Hi, since my thread was closed I need to re-open this one, as I would like to ask a question: I am wondering about the usage of "and" before infinitives so I have searched on Google random verbs with and postponed and I've seen interesting results: think and do, seek and do, and so on. Now, I would like to ask if there is a set rule, and by that I mean if one could just replace "to" with "and" with ALL verbs with just a slight difference in meaning, or if this replacement is restricted to fixed expressions only like the one in this thread (but this would not explain the 700 thousand results on google). Thank you in advance.


----------



## owlman5

"I'll try and do it" is a colloquial version of "I'll try to do it".  You can apply that general principle to most or all of the other verbs you find on Google that follow this pattern.


----------



## velisarius

Please give an example sentence where you have found other verbs that follow the same pattern - for example where did you find a sentence that has "think and do" instead of "think to do", or "seek and do" instead of "seek to do"?


----------



## mplsray

On the subject of _try and,_ Kenneth G. Wilson has the following to say in _The Columbia Guide to Standard American English:_



> try and
> For generations, commentators have criticized _try and._ as in _I'll try and see her tomorrow,_ preferring _try to_ in such constructions. Both have been in constant use throughout the period, however, and the main difference is that _try and_ is almost always limited to Casual and Impromptu levels and their written imitations, whereas _try to_ is Standard, appropriate at all levels.



Casual, Impromptu, and Standard are capitalized because they refer to the particular definition of those usage labels given by Wilson in his book. All three can be used by standard speakers, with the first two being part of informal standard English. Casual is less formal than Impromptu, with, as an example, "Borrow your pencil?" being used instead of "May I borrow your pencil?" Informal is a step up in formality: "It is the face-to-face language you use speaking to the store clerk, to your child's teacher, or to strangers at the bus stop."

Addition: Other entries give cross references to _try and,_ including, without comment, _be sure and, come and_, _sure and,_ and _take and_. Besides giving a cross reference to _try and_, the entry _go and_ identifies it as an "emphatic use of _go_ that puts the stress on a second verb that follows...." It is identified as being Conversational and Impromptu, where Conversational is a synonym for Colloquial and includes the speech of standard speakers.


----------



## Chasint

mplsray said:


> ...Addition: Other entries give cross references to _try and,_ including, without comment, _be sure and, come and_, _sure and,_ and _take and_. Besides giving a cross reference to _try and_, the entry _go and_ identifies it as an "emphatic use of _go_ that puts the stress on a second verb that follows...." It is identified as being Conversational and Impromptu, where Conversational is a synonym for Colloquial and includes the speech of standard speakers.
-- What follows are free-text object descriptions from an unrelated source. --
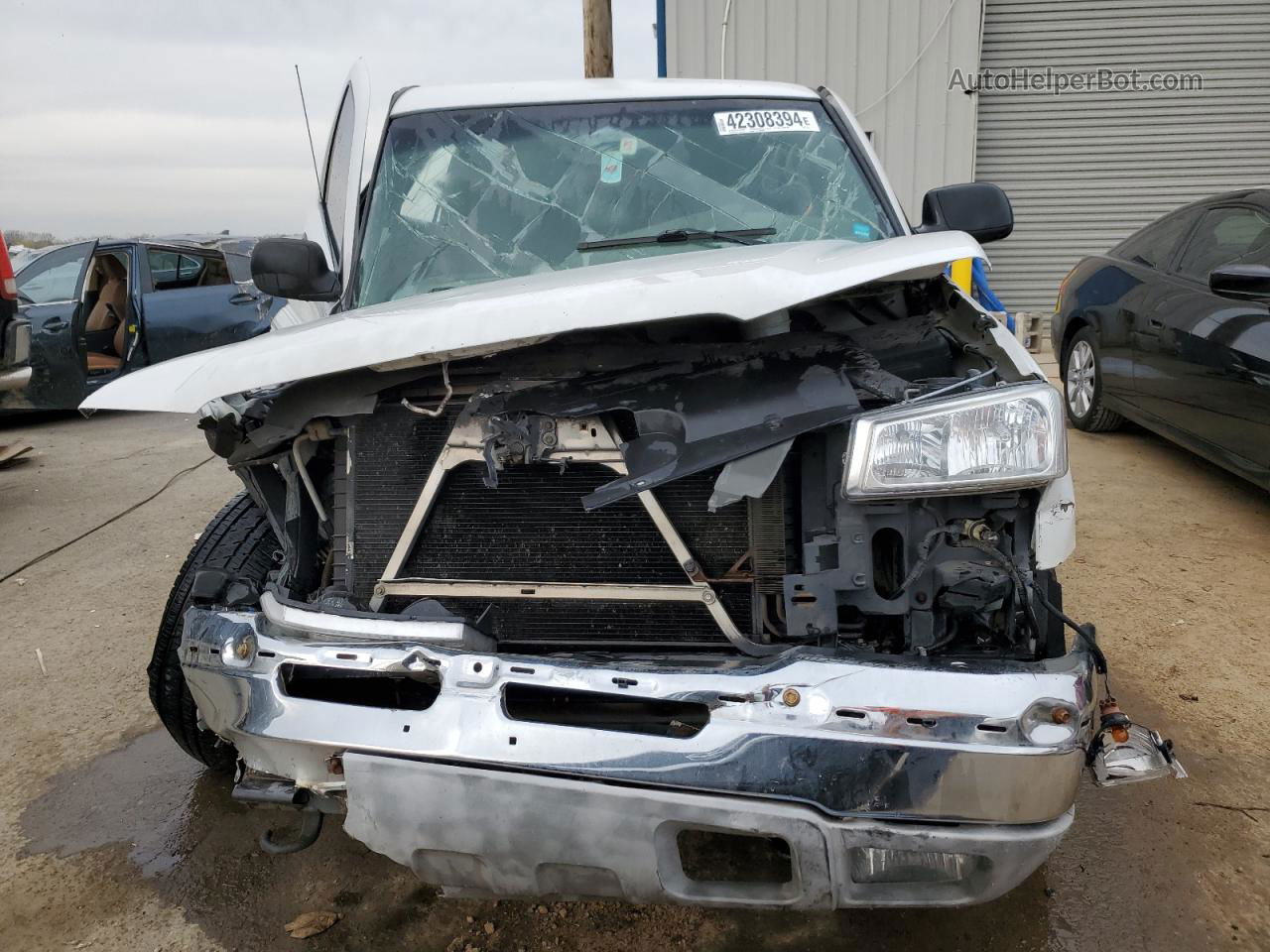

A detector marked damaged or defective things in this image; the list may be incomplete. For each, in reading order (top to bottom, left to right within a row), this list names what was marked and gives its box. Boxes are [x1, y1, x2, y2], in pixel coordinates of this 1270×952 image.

shattered windshield [352, 96, 899, 306]
cracked glass windshield [352, 96, 899, 306]
crumpled white hood [84, 232, 985, 414]
detached headlight [848, 383, 1067, 500]
dented chrome bumper [185, 604, 1102, 908]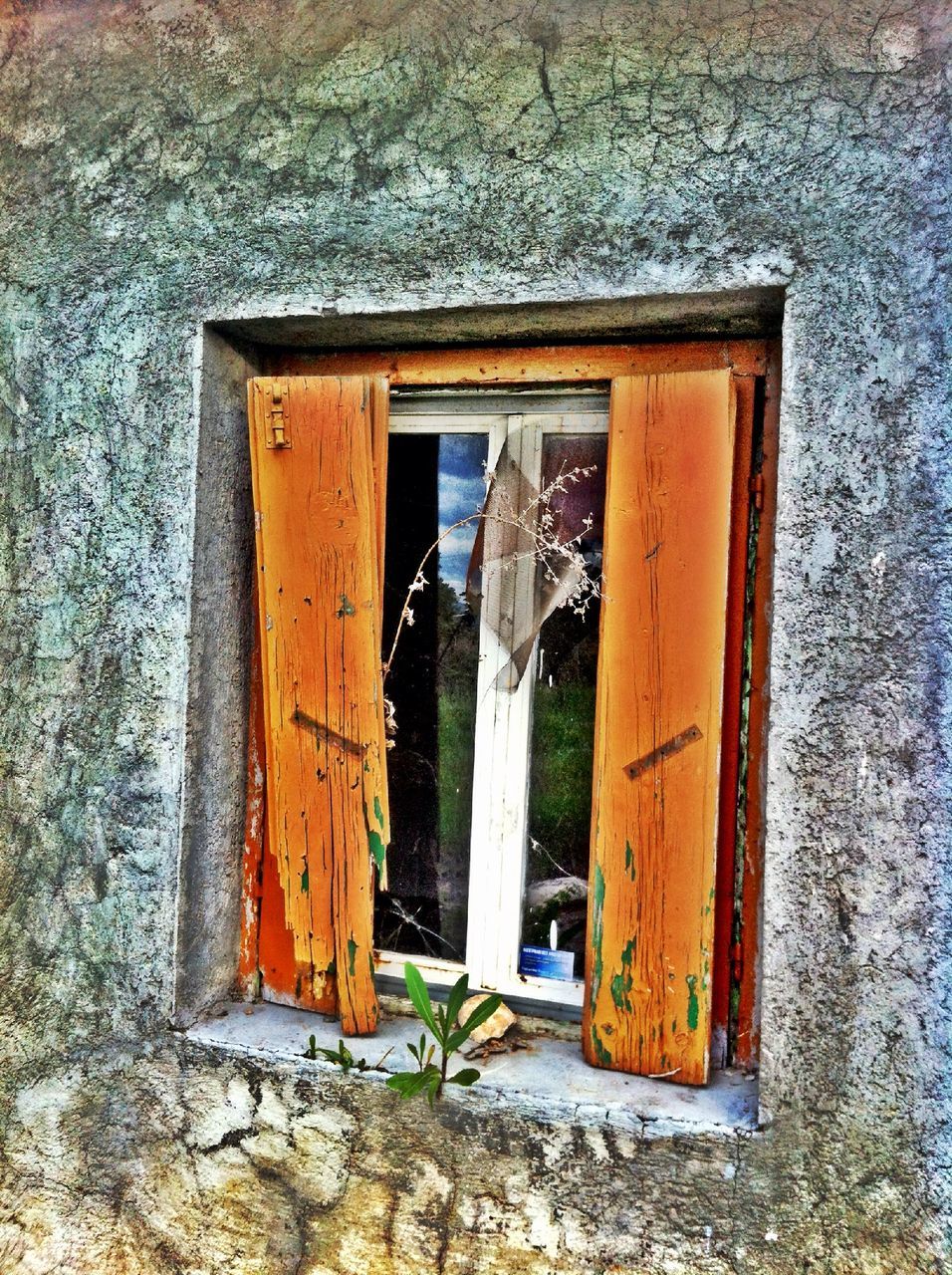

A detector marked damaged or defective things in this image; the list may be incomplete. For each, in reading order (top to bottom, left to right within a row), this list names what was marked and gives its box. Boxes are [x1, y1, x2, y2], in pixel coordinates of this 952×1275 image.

rusty metal strip [624, 724, 698, 780]
rust stain [621, 724, 703, 780]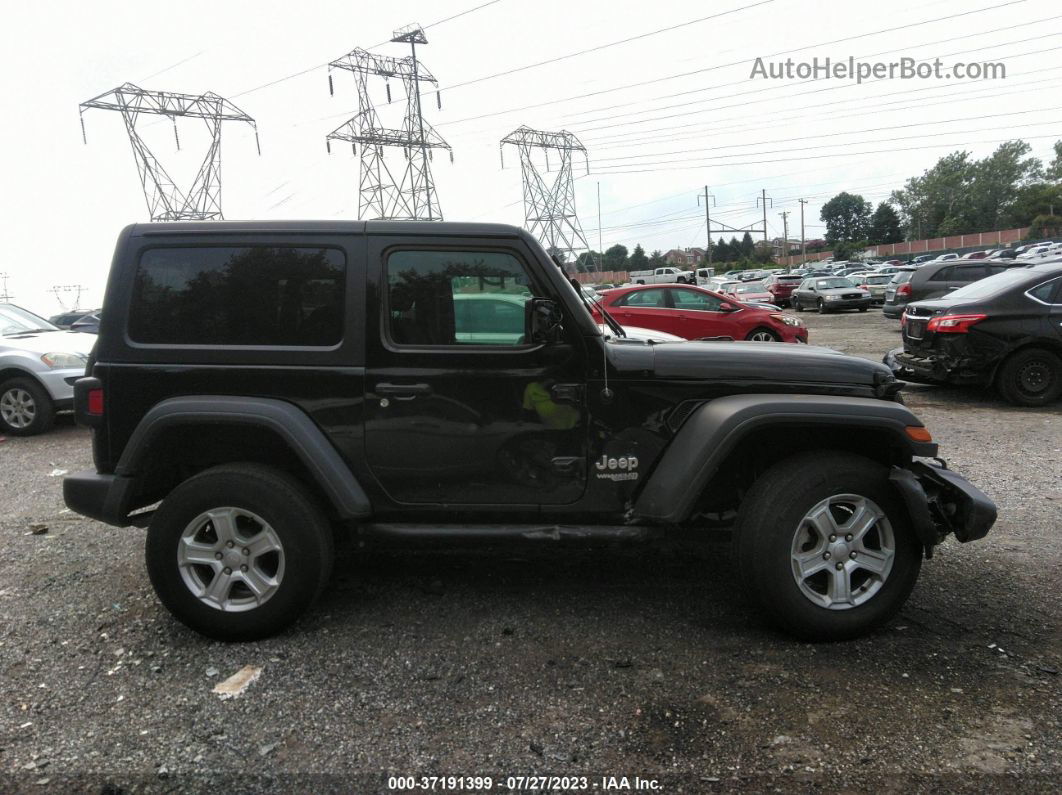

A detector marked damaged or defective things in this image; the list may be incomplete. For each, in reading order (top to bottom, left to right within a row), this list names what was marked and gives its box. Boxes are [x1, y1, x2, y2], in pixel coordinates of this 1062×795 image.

damaged front bumper [892, 458, 1000, 556]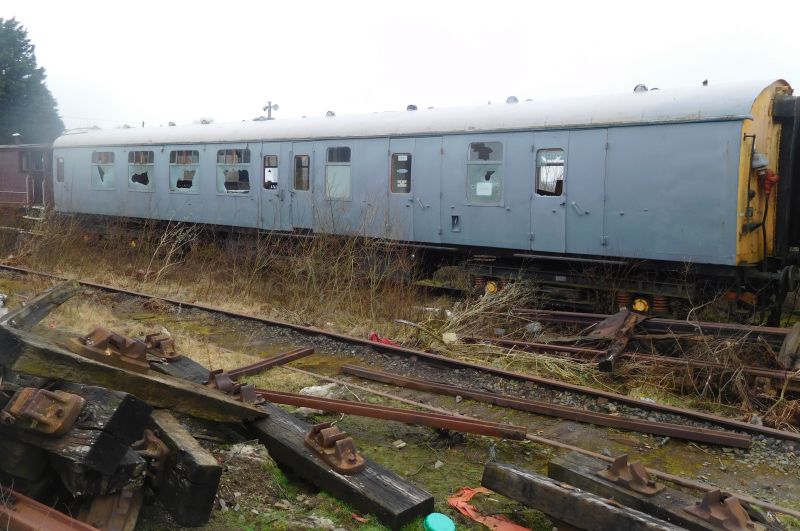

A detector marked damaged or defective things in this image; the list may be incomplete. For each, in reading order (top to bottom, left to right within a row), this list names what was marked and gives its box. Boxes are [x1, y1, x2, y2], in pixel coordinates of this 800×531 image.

Surely "go and <verb>" is merely an instruction to do two things in sequence.

"Go and clean your room!"  means, "Go to your room and then clean it."  If the person was already in the room one would simply say, "Clean your room!"

"Come and look!" means, "Approach me and then look". If the person is standing next to you, you would simply say, "Look!"

I think these latter examples are entirely unrelated to the thread topic and that Wilson is mistaken.


----------



## mplsray

Biffo said:


> Surely "go and <verb>" is merely an instruction to do two things in sequence.
> 
> "Go and clean your room!"  means, "Go to your room and then clean it."  If the person was already in the room one would simply say, "Clean your room!"
> 
> I think these latter examples are entirely unrelated to the thread topic and that Wilson is mistaken.



Here is the entry in question:



> go and
> is an emphatic use of _go_ that puts the stress on a second verb that follows, as in _She went and told her mother;_
> _He'll go and spill the beans, I'm afraid._ We also use it for the same purpose without _and: Go fly a kite!_ With and
> without _and_, the locution occurs mostly in Conversational use or its Informal imitations.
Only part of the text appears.